Stored items from a collection

++++++++++++++++++++

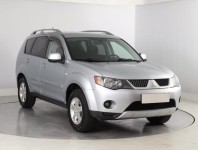 Mitsubishi Outlander  2.4 MIVEC 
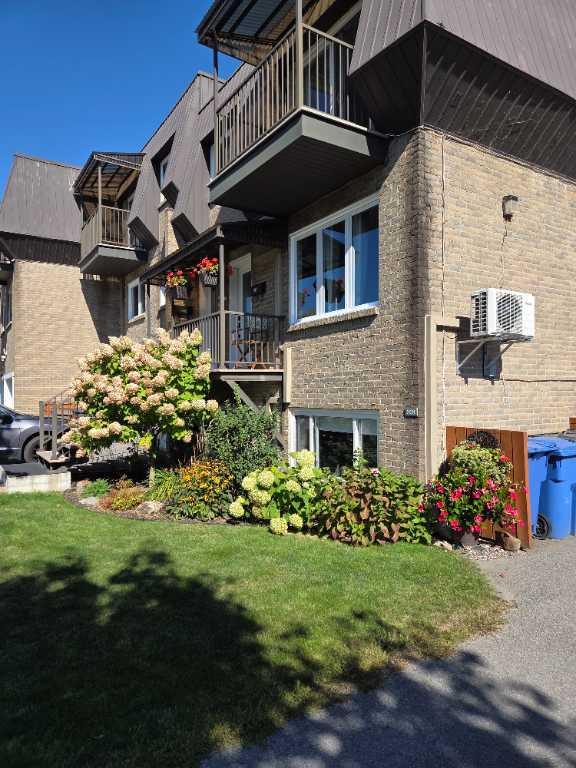 4 1/2 à louer secteur Repentigny | 3099594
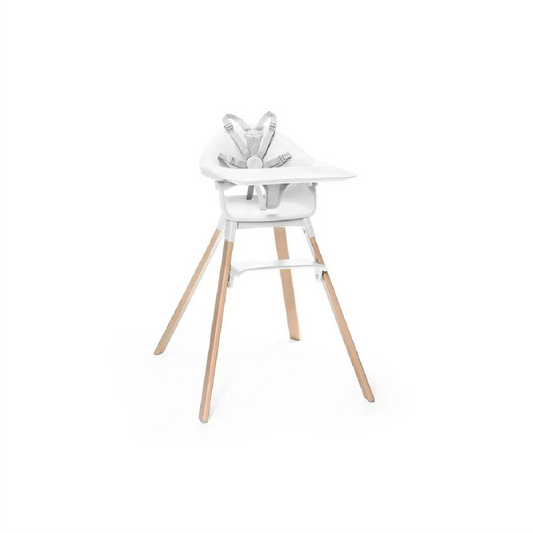 Stokke Clikk Highchair White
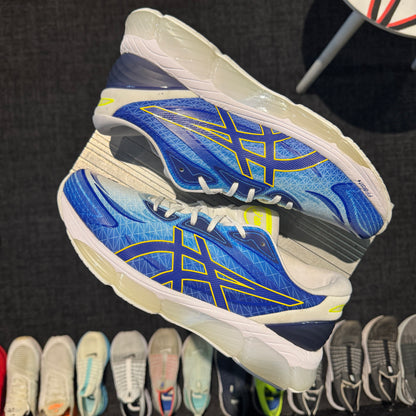 Asics Gel-Quantum 360 VIII City of Lights 'Prussian Blue White' (Second hand)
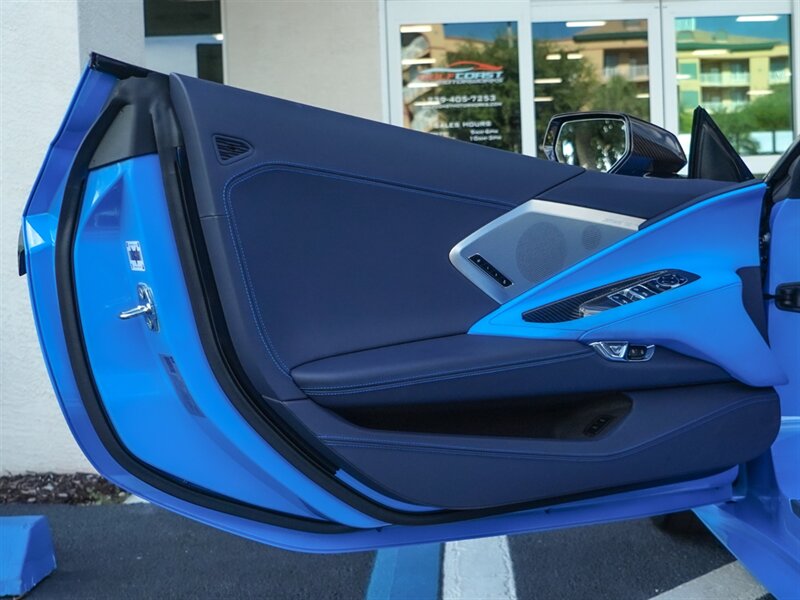 2020 Chevrolet Corvette Stingray - Photo 18 - Bonita Springs, FL 34134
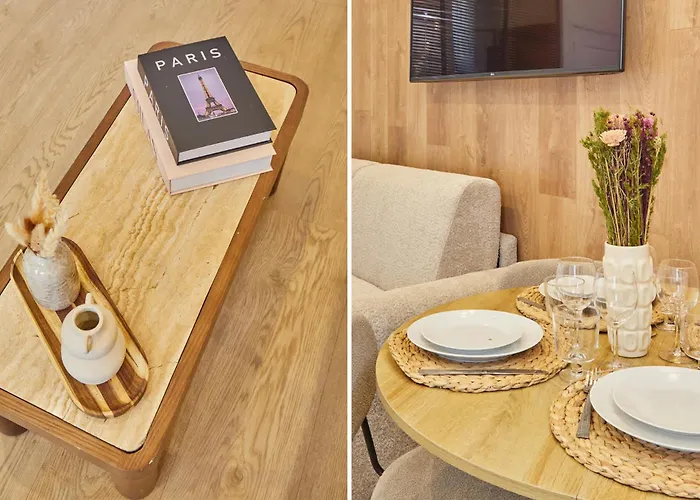 Superb Le Marais * 파리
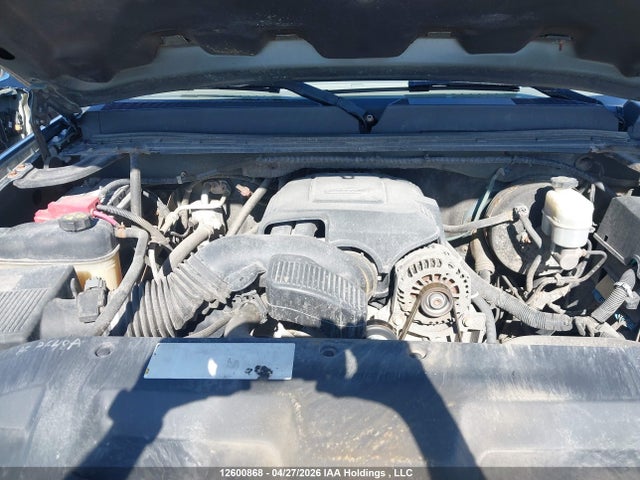 Aukcja sprzedaży 2011 Gmc Sierra K1500 Sl, vin: 3GTP2UEAXBG182368, numer aukcji: 12600868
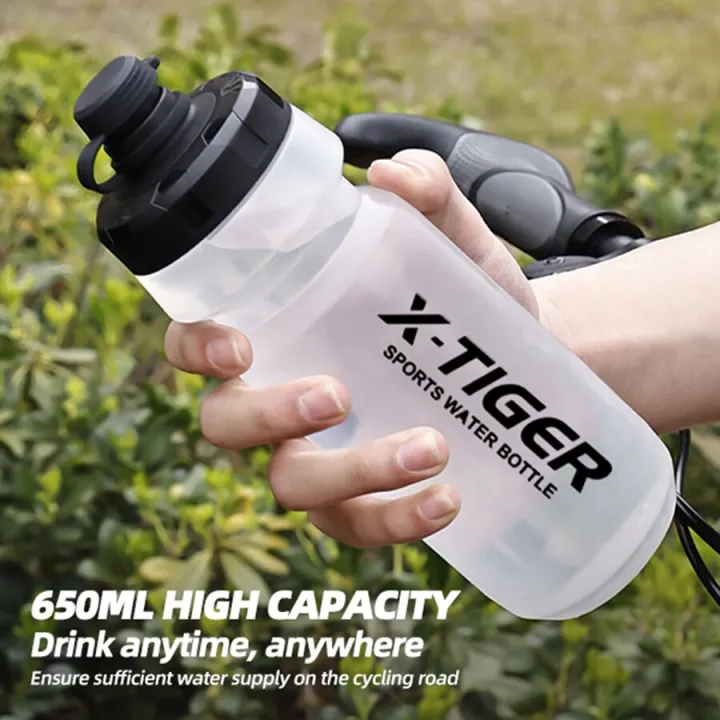 X-TIGER%20650ml%20Cycling%20Water%20Bottle%20Mountain%20Road%20Bicycle%20Squeeze%20Cup%20Outdoor%20Sports%20Portable%20Water%20Cup%20Cycling%20Equipment%20-%20Image%203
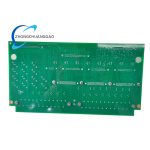 GE IS200TVBAH2ACC Analog Input Termination Board (TVBA) for Mark VI Speedtronic Systems - Image 2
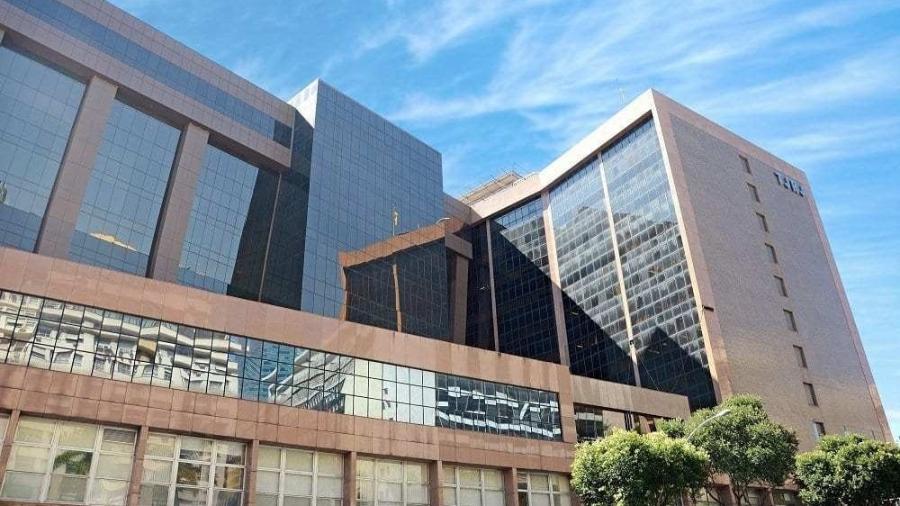 Sede do Tribunal de Justiça do Rio de Janeiro - Divulgação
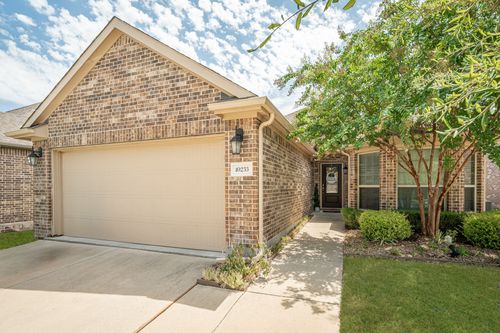 10233 Long Branch Dr, Mckinney, TX, 75071-1264 | Card Image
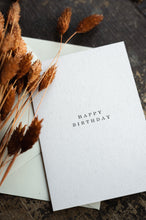 Lade das Bild in den Galerie-Viewer, JOYEM Birthday
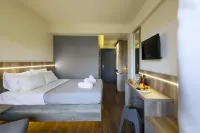 Hotel Yakinthos - Balkoner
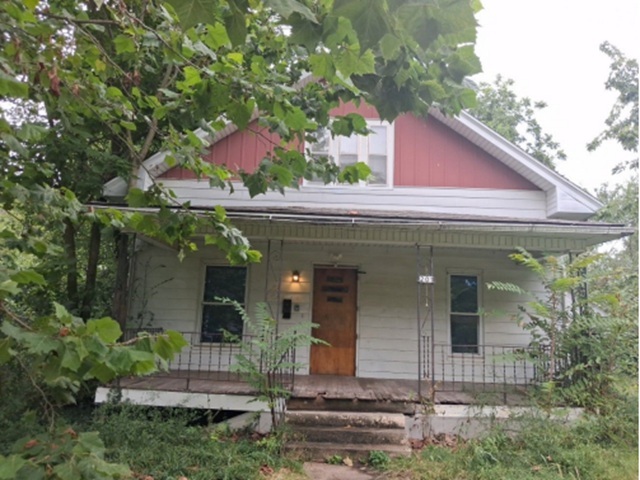 201 S Pruyn Avenue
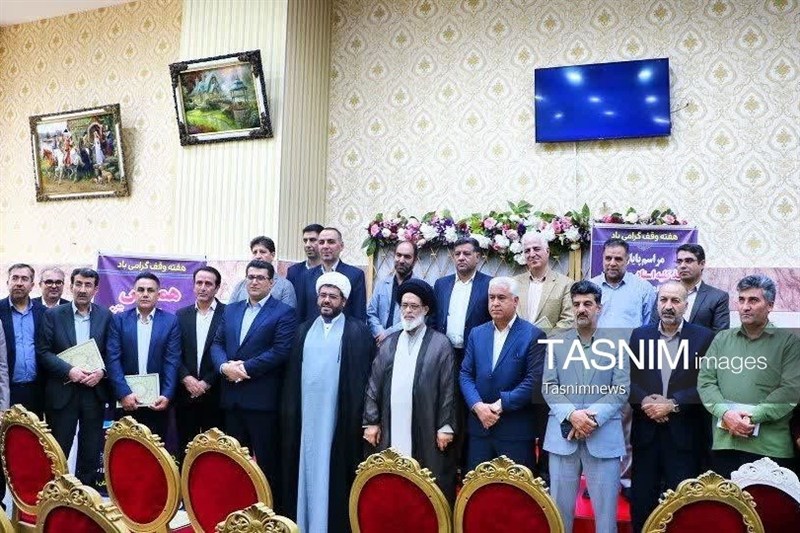 تلاش اوقاف زنجان برای مولدسازی املاک و ارتقای بهرهوری موقوفات / اخبار زنجان - اخبار استانها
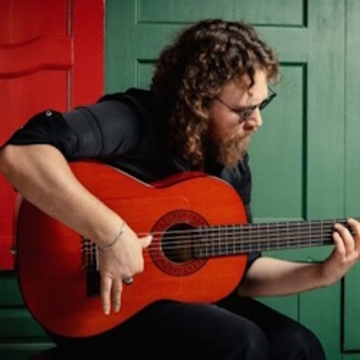 Концерт Алексея Стародубцевв &  Flamencura Project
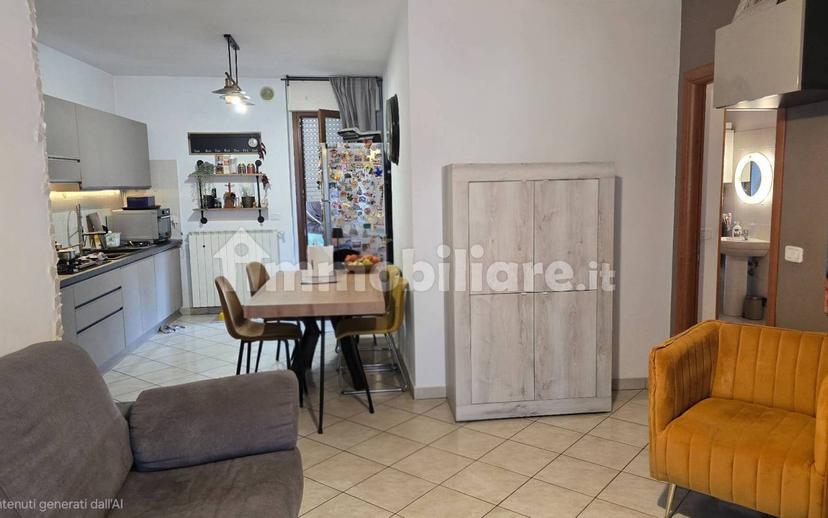 Appartamento via Ramiro Ortiz 14, Chieti Scalo, Chieti — foto 6 di 14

++++++++++++++++++++

▶ PROMPT: Working from the entries above, please transcribe only the lines from the line with "Stokke Clikk Highchair White" through the line with "Sede do Tribunal", exactly, with both end lines and without pictures.

▶ RESULT BELOW:
 Stokke Clikk Highchair White
 Asics Gel-Quantum 360 VIII City of Lights 'Prussian Blue White' (Second hand)
 2020 Chevrolet Corvette Stingray - Photo 18 - Bonita Springs, FL 34134
 Superb Le Marais * 파리
 Aukcja sprzedaży 2011 Gmc Sierra K1500 Sl, vin: 3GTP2UEAXBG182368, numer aukcji: 12600868
 X-TIGER%20650ml%20Cycling%20Water%20Bottle%20Mountain%20Road%20Bicycle%20Squeeze%20Cup%20Outdoor%20Sports%20Portable%20Water%20Cup%20Cycling%20Equipment%20-%20Image%203
 GE IS200TVBAH2ACC Analog Input Termination Board (TVBA) for Mark VI Speedtronic Systems - Image 2
 Sede do Tribunal de Justiça do Rio de Janeiro - Divulgação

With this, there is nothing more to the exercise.